Relevant financial interest
- Secondly,
the Commissioner submits that the balance of the evidence discloses that AVS GA
was the same entity as a previously operating
entity, Australian Venue Security
("AVS") in which Peter held a financial interest, exercised power and held a
position prior to
October 2006. The Commissioner contends that AVS GA's business
is in reality the business of AVS but by a different name. In order
that this
contention be accepted, it is necessary to find that the interest, power and
position be a relevant financial interest,
a relevant power and a relevant
position within section 5 the Act, and that AVS GA is AVS but by a different
name.
- It
is not in issue that as and from 23 August 2006 Peter did not hold any share in
the capital of AVS GA and following 17 October
2006 there is no evidence that
the income of AVS GA was paid to entities owned or controlled by Peter. The
evidence does not disclose
any interest in the capital of AVS GA or an
entitlement to the income of AVS GA after October 2006, other than receipt of
monies
by the AVS GA Trust from income derived by AVS GA. It is the
characterization of Peter's beneficial entitlement under the Trust Deed
that
warrants consideration, as this is the basis for the assertion of his having a
relevant financial interest in the business of
AVS GA.
- The
Applicants contend that the assessment of whether an individual holds or will
hold a relevant financial interest and thereby is
able to influence the business
of a licensee is confined to either a share in the capital of a business or an
entitlement as described
in section 5(2)(b) of the Act; the entitlements being
confined to those capable of enforcement by legal means.
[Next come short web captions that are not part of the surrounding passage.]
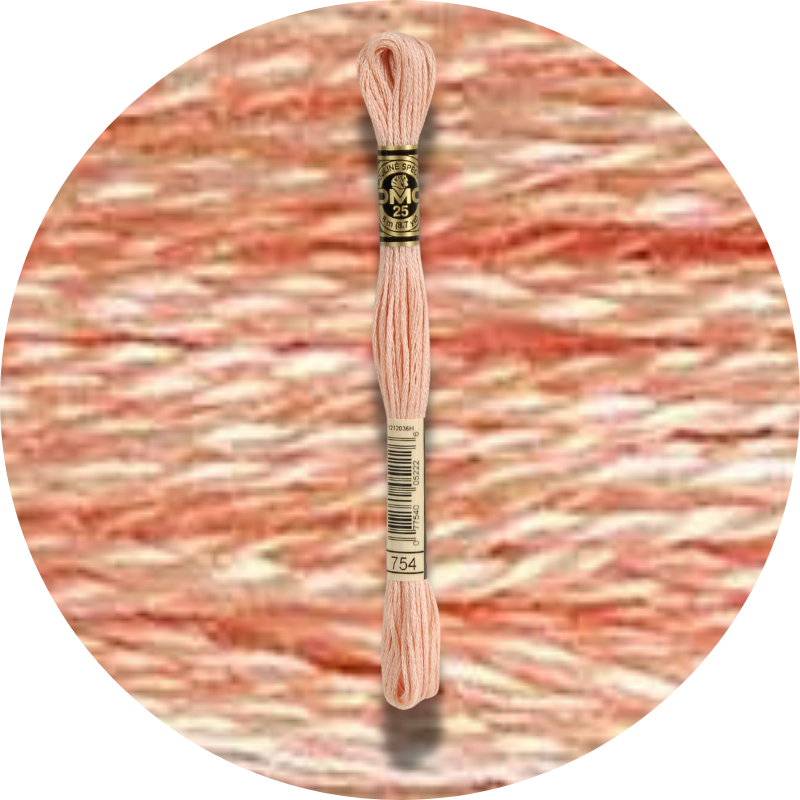 DMC Mouliné Spécial 25, Punaisen/Keltaisen/Oranssin sävyt 0754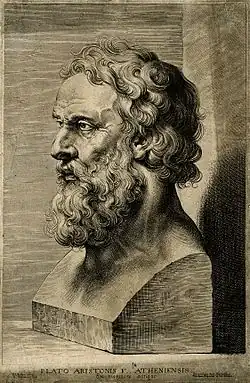 Gravure du buste de Platon
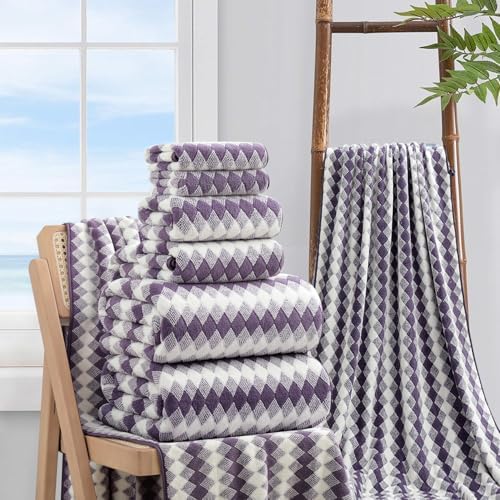 8 Piece Bathroom Towel Set |2 Oversized Bath Towels,2 Hand Towels,4 Washcloths| 600GSM Soft Hotel Towel Set Extra Large Bath Sheet for Bathroom,Highly Absorbent Quick Dry Bath Towel Collections,Plum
The Applicants contend
that more than the influence of one family member (Peter) over another (Tony) is
necessary for the entitlement described in section
5(2)(b).
- The
Commissioner submits that Tony and Peter were business partners in AVS GA before
October 2006. However the evidence underlying
that submission must be read with
the balance of Tony's evidence, viz from 22 August 2006 Tony owned and
controlled AVS GA, which
owned the good will of the business of AVS from 21
October 2006. Prior to 21 October 2006 Tony had no entitlement to any of the
profits
of the business of AVS.
- The
Commissioner submits that the inclusion in section 5(2)(b) of entitlements
arising ' at law or in equity or otherwise' extends the entitlement from
that which is enforceable at law or in equity to that of one where the
entitlement to receive income
arises, in this case, beneficially from either AVS
GA Trust or the Sly Fox Family Trust of which Tony is the appointor and the
specified
beneficiary.
- The
terms of the Sly Fox Family Trust Deed are identical to AVS GA Trust Deed.
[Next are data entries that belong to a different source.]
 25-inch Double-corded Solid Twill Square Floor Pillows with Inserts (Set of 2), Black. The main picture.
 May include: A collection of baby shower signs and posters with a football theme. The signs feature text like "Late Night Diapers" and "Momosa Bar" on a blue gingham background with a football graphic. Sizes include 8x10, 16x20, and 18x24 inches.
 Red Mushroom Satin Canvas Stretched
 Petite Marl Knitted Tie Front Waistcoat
O'Malley's Hotel is a venture of the Sly Fox Family
Trust of which Peter was a
beneficiary since the acquisition of O'Malley's Hotel. The inference the
Commissioner asks to be drawn
is that as O'Malley's Hotel is Peter's and he is
able to significantly influence the operation of that hotel, his designation as
a beneficiary of the Sly Fox Family Trust is indistinguishable from his
designation as a beneficiary of the AVS GA Trust such that
he is able to
significantly influence the operation of AVS GA.
- However,
in this regard, l note that AVS GA Trust is a discretionary trust; a general
beneficiary of a discretionary trust has no
vested interest in the trust
property, and no entitlement to receive any part of the trust income. Until such
time as a distribution
is made in Peter's favour, the only entitlement of a
general beneficiary is an entitlement to be considered for such a distribution:
Garside v Inland Revenue Commissioners [1967] UKHL 6; [1968] AC 553 per Lord Reid at
607. The Applicants contend, and I agree, that even if a discretionary
distribution were made, it would not be a
correct characterization of that
distribution as an entitlement from the business of AVS GA.
- In
the absence of evidence disclosing an entitlement to income other than that as a
beneficiary to a discretionary trust, I find that
Peter had no relevant
financial interest in the business of AVS GA after October 2006.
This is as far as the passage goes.